Re: marked section in new HTML DTDs

Terry Allen (terry@ora.com)
Sun, 25 Sep 94 20:17:26 EDT

| The idea is that there are three branches: you can validate that your
| document is standard html, or by setting HTML.Deprecated to "IGNORE,"
| you can validate that your document uses no deprecated idioms, or by
| setting HTML.Recommended to "INCLUDE" you can validate that your
| document uses only recommended idioms.
| I have had comments from at least two HTML editor implementors that
| said they liked having the HTML.Recommended distinction. I think
| it's useful.

Okay so far; if we were to stay with this model, there should be a
comment in the DTD about the effect
of toggling. Implementors are liable to be tripped up by the
reverse order of priority that SGML assigns to redefinitions, and
they need to be told which toggles they should keep their hands off.
It would also be possible to wrap up all the toggles as I did in
3in1.dtd.

| > (It also defines an %html; parameter entity that is unused
| > elsewhere but whose value, "-//IETF//DTD HTML//EN//2.0",
| > matches the value of %HTML.Version in html.dtd. It appears
| > that this is supposed to invoke the html.dtd, but the FPIs
| > need synchronization.
| They seem to be perfectly in sync to me:
| connolly@austin2 ../html-spec[505] grep -n 'DTD HTML//' html-1.dtd html.dtd
| html-1.dtd:29:<!ENTITY % html PUBLIC "-//IETF//DTD HTML//EN//2.0">

But that should refer to an FPI, and the FPI of the target (html.dtd)
is indicated in the usage note to be (l. 18):
<!DOCTYPE HTML PUBLIC "-//IETF//DTD HTML//EN">
whereas, as you note, the version in html.dtd is:
| html.dtd:14: "-//IETF//DTD HTML//EN//2.0"
those two lines need synching.

| > - HTML.Highlighting is set to INCLUDE, but is not toggled anywhere
| > else.
| Except for:
| html-0.dtd:30:<!ENTITY % HTML.Highlighting "IGNORE">

Not in the version I retrieved by using the URL embedded in your
announcement:
$Id: html-0.dtd,v 1.7 1994/07/20 16:24:27 connolly Exp $
in which l. 30 is
<!ENTITY % HTML.Prescriptive "IGNORE"
It appears (below) that I have a mismatched set of DTDs.

| > Is this entity
| > needed? was it meant to be toggled in html-0.dtd?
| I think so, and yes.

It isn't in my version, which must be a wrong 'un.

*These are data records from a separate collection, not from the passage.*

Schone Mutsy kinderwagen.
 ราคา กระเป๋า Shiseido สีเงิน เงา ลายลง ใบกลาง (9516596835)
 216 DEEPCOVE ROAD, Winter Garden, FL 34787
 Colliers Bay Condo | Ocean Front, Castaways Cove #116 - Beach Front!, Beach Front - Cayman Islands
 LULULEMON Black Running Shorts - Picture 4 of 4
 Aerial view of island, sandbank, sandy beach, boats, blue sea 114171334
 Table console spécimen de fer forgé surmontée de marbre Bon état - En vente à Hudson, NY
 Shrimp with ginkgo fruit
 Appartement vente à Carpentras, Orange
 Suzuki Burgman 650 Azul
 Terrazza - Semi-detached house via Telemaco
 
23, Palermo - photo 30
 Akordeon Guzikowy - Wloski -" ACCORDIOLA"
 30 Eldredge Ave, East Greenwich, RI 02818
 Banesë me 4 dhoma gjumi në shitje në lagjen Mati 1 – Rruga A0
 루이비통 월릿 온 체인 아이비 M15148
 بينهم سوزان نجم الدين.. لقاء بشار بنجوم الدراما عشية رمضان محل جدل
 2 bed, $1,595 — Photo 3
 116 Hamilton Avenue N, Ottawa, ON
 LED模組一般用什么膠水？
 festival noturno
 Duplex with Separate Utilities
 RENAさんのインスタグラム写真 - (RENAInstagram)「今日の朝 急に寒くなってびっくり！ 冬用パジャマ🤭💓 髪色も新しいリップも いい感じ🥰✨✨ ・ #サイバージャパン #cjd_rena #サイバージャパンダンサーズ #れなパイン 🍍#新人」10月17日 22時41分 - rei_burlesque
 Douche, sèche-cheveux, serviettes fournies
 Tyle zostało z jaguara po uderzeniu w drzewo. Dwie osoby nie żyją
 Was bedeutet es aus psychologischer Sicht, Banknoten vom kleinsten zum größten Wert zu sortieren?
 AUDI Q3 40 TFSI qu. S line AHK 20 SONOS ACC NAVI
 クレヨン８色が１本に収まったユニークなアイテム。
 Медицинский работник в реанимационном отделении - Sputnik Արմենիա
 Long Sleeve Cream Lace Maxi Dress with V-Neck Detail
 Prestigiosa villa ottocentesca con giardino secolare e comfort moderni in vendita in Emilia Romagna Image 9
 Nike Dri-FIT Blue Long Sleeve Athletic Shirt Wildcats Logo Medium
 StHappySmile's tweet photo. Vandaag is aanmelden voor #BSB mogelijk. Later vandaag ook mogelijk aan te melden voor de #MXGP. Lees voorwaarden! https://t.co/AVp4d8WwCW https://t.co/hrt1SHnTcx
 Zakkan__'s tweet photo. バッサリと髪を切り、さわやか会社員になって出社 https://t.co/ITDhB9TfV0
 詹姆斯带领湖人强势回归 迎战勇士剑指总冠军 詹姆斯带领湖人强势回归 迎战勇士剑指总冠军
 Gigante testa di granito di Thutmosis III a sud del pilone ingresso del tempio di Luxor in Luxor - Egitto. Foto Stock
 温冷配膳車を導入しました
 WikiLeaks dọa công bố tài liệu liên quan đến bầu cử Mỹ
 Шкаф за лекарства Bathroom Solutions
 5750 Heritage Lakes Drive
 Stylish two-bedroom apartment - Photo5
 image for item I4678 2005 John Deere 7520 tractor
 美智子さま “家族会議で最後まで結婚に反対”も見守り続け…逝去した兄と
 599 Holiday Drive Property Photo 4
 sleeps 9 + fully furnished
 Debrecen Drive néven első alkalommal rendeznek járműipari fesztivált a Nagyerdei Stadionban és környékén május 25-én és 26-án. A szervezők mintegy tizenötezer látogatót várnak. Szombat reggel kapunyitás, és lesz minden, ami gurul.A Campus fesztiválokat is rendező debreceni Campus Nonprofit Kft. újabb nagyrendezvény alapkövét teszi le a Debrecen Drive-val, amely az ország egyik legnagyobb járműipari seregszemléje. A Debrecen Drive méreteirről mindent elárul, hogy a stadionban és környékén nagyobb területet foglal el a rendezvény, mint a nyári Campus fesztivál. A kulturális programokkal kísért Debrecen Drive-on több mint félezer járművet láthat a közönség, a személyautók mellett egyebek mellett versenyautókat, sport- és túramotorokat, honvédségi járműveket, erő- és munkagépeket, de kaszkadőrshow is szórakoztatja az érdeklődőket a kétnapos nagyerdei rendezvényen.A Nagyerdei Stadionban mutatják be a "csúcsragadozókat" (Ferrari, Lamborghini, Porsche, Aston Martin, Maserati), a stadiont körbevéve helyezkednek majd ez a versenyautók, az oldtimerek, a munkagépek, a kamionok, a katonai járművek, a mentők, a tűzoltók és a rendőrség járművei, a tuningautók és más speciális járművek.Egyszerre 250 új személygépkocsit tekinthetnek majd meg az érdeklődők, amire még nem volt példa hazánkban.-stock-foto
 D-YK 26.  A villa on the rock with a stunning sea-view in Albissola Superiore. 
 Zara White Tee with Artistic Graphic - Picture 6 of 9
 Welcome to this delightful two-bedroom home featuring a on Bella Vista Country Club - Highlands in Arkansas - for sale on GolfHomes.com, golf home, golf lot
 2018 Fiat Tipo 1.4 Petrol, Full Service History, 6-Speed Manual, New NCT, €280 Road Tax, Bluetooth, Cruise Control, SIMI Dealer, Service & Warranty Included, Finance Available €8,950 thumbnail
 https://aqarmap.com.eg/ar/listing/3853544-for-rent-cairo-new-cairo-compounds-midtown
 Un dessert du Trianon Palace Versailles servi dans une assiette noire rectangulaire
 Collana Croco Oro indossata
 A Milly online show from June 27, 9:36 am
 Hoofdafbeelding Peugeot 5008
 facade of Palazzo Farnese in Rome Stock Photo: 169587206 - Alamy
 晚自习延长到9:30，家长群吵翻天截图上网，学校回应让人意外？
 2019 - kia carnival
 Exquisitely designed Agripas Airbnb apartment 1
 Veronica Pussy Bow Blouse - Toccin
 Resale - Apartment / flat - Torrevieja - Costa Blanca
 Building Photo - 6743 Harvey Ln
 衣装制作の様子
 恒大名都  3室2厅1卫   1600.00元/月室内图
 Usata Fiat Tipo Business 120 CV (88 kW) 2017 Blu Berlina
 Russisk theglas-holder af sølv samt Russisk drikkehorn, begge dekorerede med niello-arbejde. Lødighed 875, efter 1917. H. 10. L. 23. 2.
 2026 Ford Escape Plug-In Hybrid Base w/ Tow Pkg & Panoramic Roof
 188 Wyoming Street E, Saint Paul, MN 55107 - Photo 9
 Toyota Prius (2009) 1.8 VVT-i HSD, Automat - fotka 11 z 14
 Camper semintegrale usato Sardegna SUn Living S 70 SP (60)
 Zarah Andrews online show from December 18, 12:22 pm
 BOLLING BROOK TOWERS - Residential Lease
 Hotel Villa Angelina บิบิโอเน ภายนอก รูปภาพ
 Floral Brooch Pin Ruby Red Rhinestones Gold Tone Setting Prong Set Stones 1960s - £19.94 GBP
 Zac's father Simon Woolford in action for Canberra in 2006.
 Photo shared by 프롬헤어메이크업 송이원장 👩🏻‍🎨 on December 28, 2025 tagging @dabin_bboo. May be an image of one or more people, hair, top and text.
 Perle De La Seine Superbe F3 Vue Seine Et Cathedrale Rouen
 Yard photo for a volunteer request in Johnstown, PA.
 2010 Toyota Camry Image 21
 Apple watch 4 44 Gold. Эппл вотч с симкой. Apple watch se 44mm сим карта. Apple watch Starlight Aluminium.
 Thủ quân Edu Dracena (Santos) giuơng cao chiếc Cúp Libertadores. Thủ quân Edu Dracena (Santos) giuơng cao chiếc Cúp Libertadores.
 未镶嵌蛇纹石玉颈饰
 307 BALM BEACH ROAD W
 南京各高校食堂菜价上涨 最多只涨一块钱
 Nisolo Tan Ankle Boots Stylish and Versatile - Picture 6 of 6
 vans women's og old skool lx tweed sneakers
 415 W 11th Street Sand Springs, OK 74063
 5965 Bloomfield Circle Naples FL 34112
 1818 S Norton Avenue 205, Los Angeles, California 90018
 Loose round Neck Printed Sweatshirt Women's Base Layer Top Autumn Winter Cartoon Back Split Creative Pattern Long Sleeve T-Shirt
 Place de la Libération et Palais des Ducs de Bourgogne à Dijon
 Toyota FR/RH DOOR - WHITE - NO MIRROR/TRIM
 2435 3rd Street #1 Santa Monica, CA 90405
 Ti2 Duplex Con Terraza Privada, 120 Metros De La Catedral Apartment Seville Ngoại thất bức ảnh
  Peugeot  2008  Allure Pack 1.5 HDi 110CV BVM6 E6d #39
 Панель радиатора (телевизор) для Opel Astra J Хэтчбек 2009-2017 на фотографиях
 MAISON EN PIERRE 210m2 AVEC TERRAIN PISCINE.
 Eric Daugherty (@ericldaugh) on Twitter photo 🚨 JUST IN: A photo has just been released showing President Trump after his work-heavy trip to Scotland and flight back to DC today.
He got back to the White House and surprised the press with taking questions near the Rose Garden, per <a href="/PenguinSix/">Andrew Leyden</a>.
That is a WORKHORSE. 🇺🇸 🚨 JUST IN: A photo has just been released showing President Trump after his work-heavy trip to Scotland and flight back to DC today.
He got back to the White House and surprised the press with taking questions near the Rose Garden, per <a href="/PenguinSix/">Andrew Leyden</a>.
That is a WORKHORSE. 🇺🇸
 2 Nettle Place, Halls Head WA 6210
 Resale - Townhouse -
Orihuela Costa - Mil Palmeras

| > However, html-0.dtd does not appear to invoke either of
| > the other DTDs, and includes IMG,
| Did you get some funky version of html-0.dtd? It's right there:

Apparently so.

| The version is $Id: html-0.dtd,v 1.7 1994/07/20 16:24:27 connolly Exp $

Exactly what mine says. I'll send it to you separately, Dan.

| > The sole difference here
| > seems to be that ALT is required in Level 0 and not in
| > the other Levels. This has been questioned, with good
| > reason.
| > Eventually we want to require ALT so as to aid the text-
| > impaired, but there must be scads of docs that don't
| > have it now
| So they're not level 0 documents. That's the point.
| > (thus is properly IMPLIED in the other two
| > DTDs). If the idea is that Level 0 is so mingy that it can't
| > render IMG and so the user must rely on ALT, then we're
| > talking about imposing new requirements on authors.
| Bingo.

Well, then, we can't guarantee that any existing document is Level 0,
which I thought was supposed to be the lowest level of conformance;
why should there be new requirements in Level 0, when Levels 1 and 2
are progessively more complex, and yet document current practice?
Are there actually Level 0 browsers, which can't do inline emphasis
in any way but which require that ALT values be present?

| The question is: how many possibilities get public identifiers?
| They can write:
| <!docytpe HTML PUBLIC "-//IETF//DTD HTML Level 0//EN">
| which is useful at least for local batch-validation.
| Currently, there are three public identifiers: level 0, level 1, and
| level 2.

Yes, but you allow people to toggle Recommended, which gives
at least two more possibilities (Levels 1 and 2 with/without R).
Developers will want to say they're "HTML conformant," and what
that means will be obscure if it means more than Level 0/1/2.
And there are additional possibilities that need to be warned
against, lest we hear, "uh, well, I do HTML Level 2 with
both Recommended and Deprecated---I want to cover all the bases."

| >As we are documenting current practice, I see no point in having
| >HTML.Recommended and HTML.Deprecated.
| They're in there to support editing of new documents. We may
| decide that this is not a compelling reason, but it's more than
| "no point."

I am not compelled to include these in the html.dtd. We are
documenting current practice. That's
all we can do at this stage, and we want to get it done with.
Immediately thereafter we can take up all these quite good
recommendations. But right now we need a clean spec and
we are not in position to answer the question you rightly
pose in another post:

>So how do we gracefully deploy changes in HTML?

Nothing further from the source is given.